Scally was trying to learn why Maine Department of Economic and Community Development officials gave Millinocket the designation. Dickey wants to set a special meeting of his board to discuss the issue.

“I want some rationale,” Scally said. “There was no conversation with Millinocket [officials].”

Millinocket Town Manager Eugene Conlogue was out of the office Thursday. He, Town Council Chairman Wallace Paul and Councilors Jimmy Busque and Scott Gonya did not return messages and e-mails seeking comment. The four attended a Joint Municipal Elected Officials Board meeting Wednesday at which the issue was discussed briefly.

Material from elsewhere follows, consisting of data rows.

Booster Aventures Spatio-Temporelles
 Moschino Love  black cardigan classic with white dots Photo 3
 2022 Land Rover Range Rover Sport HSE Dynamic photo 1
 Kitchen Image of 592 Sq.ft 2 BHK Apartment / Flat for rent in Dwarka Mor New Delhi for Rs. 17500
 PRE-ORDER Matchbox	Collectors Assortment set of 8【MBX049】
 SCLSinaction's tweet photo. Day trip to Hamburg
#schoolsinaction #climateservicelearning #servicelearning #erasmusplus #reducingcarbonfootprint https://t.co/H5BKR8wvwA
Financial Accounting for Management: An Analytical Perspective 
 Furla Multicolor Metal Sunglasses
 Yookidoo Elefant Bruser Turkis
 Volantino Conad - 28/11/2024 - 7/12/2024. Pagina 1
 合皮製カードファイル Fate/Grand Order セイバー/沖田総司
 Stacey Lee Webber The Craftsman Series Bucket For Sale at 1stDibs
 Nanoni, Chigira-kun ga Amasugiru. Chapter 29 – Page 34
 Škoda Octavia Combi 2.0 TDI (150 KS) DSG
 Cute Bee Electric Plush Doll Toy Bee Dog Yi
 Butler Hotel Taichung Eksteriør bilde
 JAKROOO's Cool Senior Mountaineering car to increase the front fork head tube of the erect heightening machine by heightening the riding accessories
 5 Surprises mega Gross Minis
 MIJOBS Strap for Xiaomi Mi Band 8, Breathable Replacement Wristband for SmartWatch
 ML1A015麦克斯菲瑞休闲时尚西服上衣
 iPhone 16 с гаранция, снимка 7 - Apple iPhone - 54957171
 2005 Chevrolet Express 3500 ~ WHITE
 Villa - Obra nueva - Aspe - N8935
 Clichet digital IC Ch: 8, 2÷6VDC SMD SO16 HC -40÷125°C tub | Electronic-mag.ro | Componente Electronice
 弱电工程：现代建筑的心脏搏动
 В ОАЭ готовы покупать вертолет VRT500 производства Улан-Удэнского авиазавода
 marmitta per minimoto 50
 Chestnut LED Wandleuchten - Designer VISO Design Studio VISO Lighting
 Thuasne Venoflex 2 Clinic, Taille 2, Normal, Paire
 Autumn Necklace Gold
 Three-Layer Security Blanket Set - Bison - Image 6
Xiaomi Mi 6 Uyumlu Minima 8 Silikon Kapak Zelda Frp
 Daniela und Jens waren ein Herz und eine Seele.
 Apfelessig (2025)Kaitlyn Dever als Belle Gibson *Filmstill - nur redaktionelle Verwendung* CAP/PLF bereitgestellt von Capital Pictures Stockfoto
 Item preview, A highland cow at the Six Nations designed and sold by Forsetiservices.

A Sept. 25 letter to Conlogue from state Economic and Community Development Commissioner John Richardson says, “We recognize that the Katahdin paper mill has shut down and [have] agreed to your request for designation as the economic development body serving the Katahdin region.”

Yet the Millinocket town charter – which effectively requires Brookfield Renewable Power Inc. to pay $75,000 annually over several years in compensation for any shutdown of Brookfield Asset Management’s Katahdin paper mills – doesn’t give Millinocket the funding, Scally said.

The charter, which was amended in 2002, states: “If there is a paper mill closing, the owner of the hydropower facilities shall pay an annual amount of $75,000 to the economic development body serving the Katahdin region as identified by” DECD to offset the impact of a shutdown.

Millinocket Town Councilor Jim Mingo, who attended the meeting Wednesday, said he didn’t know Millinocket had received the $75,000 or would become the region’s economic developer.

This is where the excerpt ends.